- [Exercise aim]:
Find every line below with the string "image" and pick it out.

- [Given records]:
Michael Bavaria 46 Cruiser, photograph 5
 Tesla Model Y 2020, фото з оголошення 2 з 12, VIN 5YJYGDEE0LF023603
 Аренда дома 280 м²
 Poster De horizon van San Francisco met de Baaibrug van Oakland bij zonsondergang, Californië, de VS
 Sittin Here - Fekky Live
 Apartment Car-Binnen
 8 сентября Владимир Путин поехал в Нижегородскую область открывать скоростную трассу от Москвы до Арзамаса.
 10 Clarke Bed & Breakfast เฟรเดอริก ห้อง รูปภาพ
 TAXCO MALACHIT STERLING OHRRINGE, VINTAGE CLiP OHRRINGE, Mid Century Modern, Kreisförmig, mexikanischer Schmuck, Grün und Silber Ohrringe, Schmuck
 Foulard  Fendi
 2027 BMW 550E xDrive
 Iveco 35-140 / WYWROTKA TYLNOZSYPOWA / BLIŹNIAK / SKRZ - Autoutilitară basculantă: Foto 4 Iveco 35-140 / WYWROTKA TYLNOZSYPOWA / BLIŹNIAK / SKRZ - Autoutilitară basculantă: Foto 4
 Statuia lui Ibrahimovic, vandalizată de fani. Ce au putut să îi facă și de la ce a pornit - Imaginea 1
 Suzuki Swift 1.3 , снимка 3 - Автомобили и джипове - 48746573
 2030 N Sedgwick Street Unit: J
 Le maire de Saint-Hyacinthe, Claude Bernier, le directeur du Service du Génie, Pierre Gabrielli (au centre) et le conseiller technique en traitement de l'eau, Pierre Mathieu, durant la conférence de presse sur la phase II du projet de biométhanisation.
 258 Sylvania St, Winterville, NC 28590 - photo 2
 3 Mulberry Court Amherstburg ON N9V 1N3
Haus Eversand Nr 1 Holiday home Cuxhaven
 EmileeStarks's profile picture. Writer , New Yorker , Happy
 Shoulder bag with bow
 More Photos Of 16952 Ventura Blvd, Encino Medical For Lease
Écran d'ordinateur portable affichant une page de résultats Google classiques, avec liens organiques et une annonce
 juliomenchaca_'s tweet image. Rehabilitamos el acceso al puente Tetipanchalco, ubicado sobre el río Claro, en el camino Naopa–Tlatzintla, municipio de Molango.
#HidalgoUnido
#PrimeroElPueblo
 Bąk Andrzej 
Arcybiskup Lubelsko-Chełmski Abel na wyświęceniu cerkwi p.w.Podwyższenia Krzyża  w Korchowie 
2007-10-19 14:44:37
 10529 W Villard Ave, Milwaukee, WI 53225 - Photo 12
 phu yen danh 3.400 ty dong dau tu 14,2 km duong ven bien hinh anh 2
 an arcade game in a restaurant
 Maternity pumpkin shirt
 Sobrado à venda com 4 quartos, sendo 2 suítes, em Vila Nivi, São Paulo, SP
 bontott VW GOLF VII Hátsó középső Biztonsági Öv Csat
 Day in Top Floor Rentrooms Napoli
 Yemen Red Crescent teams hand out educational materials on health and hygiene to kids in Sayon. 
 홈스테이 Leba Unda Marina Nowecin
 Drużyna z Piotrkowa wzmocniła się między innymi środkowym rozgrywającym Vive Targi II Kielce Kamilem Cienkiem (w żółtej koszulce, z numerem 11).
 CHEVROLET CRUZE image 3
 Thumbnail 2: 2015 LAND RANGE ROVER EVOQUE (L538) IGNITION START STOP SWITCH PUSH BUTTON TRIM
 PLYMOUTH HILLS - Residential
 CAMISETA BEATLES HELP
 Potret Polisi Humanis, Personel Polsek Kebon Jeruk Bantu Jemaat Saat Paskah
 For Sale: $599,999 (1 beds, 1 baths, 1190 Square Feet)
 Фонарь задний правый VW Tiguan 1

- [Answer space]:
 juliomenchaca_'s tweet image. Rehabilitamos el acceso al puente Tetipanchalco, ubicado sobre el río Claro, en el camino Naopa–Tlatzintla, municipio de Molango.
 CHEVROLET CRUZE image 3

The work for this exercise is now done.